Here is my function that I use to try to train on that data:
void time_series_train(torch::Tensor data) {
auto data_sizes = data.sizes();
torch::Tensor train_input = data.index({
torch::indexing::Slice(3),
torch::indexing::Slice(0, -1)
});
torch::Tensor train_target = data.index({
torch::indexing::Slice(3),
torch::indexing::Slice(1)
});
torch::Tensor test_input = data.index({
torch::indexing::Slice(0, 3),
torch::indexing::Slice(0, -1)
});
torch::Tensor test_target = data.index({
torch::indexing::Slice(0, 3),
torch::indexing::Slice(1)
});
LSTMPredictor predictor;
torch::optim::LBFGS LSTM_optimizer(
predictor->parameters(), torch::optim::LBFGSOptions(0.8)
);
int n_training_steps = 10;
for (int i = 0; i < n_training_steps; i++) {
auto closure = [predictor, train_input, train_target, i] () mutable {
predictor->zero_grad();
torch::Tensor output = predictor->forward(train_input);
torch::Tensor loss = torch::mse_loss(output, train_target);
cout << "Current step: " << i << ", loss: " << loss.item<float>() << endl;
loss.backward();
return loss;
};
LSTM_optimizer.step(closure);
}
}
When I run this function, it reaches the cout statement inside my closure lambda function, and after that I get this output:
terminate called after throwing an instance of ‘c10::Error’

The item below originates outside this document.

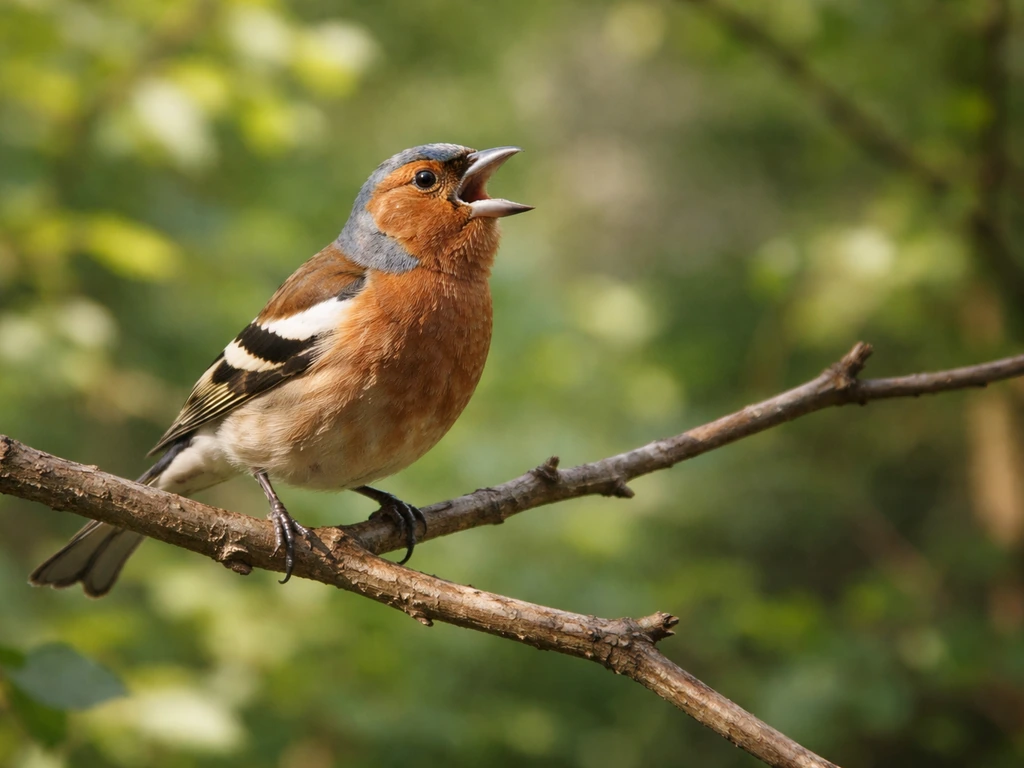 Small songbird perched near a twig, mouth open mid-song in a quiet sunlit yard.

what(): element 0 of tensors does not require grad and does not have a grad_fn
Exception raised from run_backward at …/torch/csrc/autograd/autograd.cpp:91 (most recent call first):
frame #0: c10::Error::Error(c10::SourceLocation, std::string) + 0x3e (0x7fce15506f0e in /(home)/.local/lib/libc10.so)
frame #1: c10::detail::torchCheckFail(char const*, char const*, unsigned int, std::string const&) + 0x5c (0x7fce154e17ce in /(home)/.local/lib/libc10.so)

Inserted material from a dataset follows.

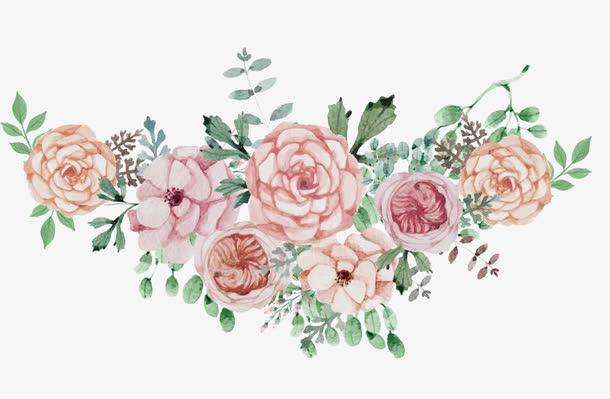 水彩鲜花花簇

frame #2: + 0x3efaef0 (0x7fcdffab6ef0 in /(home)/.local/lib/libtorch_cpu.so)
frame #3: torch::autograd::backward(std::vector<at::Tensor, std::allocator< at::Tensor> > const&, std::vector<at::Tensor, std::allocator< at::Tensor> > const&, c10::optional, bool, std::vector<at::Tensor, std::allocator< at::Tensor> > const&) + 0x5c (0x7fcdffab8efc in /(home)/.local/lib/libtorch_cpu.so)

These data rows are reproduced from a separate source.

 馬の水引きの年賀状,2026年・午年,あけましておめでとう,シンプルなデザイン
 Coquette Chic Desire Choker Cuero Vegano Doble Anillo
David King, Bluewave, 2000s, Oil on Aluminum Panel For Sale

frame #4: + 0x3f54e5e (0x7fcdffb10e5e in (home)/.local/lib/libtorch_cpu.so)
frame #5: at::Tensor::_backward(c10::ArrayRef< at::Tensor>, c10::optional< at::Tensor> const&, c10::optional, bool) const + 0x48 (0x7fcdfd4109e8 in /(home)/.local/lib/libtorch_cpu.so)
frame #6: at::Tensor::backward(at::Tensor const&, c10::optional, bool, c10::optional<c10::ArrayRef< at::Tensor> >) const + 0x11d (0x43e915 in ./PyTorchTest)
frame #7: ./PyTorchTest() [0x43ae88]
frame #8: ./PyTorchTest() [0x43cd2e]
frame #9: torch::optim::LBFGS::step(std::function<at::Tensor ()>) + 0x27a (0x7fce0066f50a in /(home)/.local/lib/libtorch_cpu.so)
frame #10: time_series_train(at::Tensor) + 0x87b (0x43b8c5 in ./PyTorchTest)
frame #11: main + 0x10d (0x43ac9d in ./PyTorchTest)
frame #12: __libc_start_main + 0xf5 (0x7fcdfadb0555 in /lib64/libc.so.6)
frame #13: ./PyTorchTest() [0x43a8c9]
Aborted (core dumped)
From what I can tell, the only important line in all that is " element 0 of tensors does not require grad and does not have a grad_fn". I’ve tried disabling autograd globally by putting this line in various locations:
torch::NoGradGuard no_grad;
But that did not work, probably because I have no clue what I’m doing when it comes to autograd. I suspect maybe it’s something to do with my closure lambda function being setup weird, as I couldn’t find anything definitive online for passing closure functions in libtorch for c++.
Any solutions or general tips on ways I’m doing libtorch incorrectly would be appreciated, Thank you.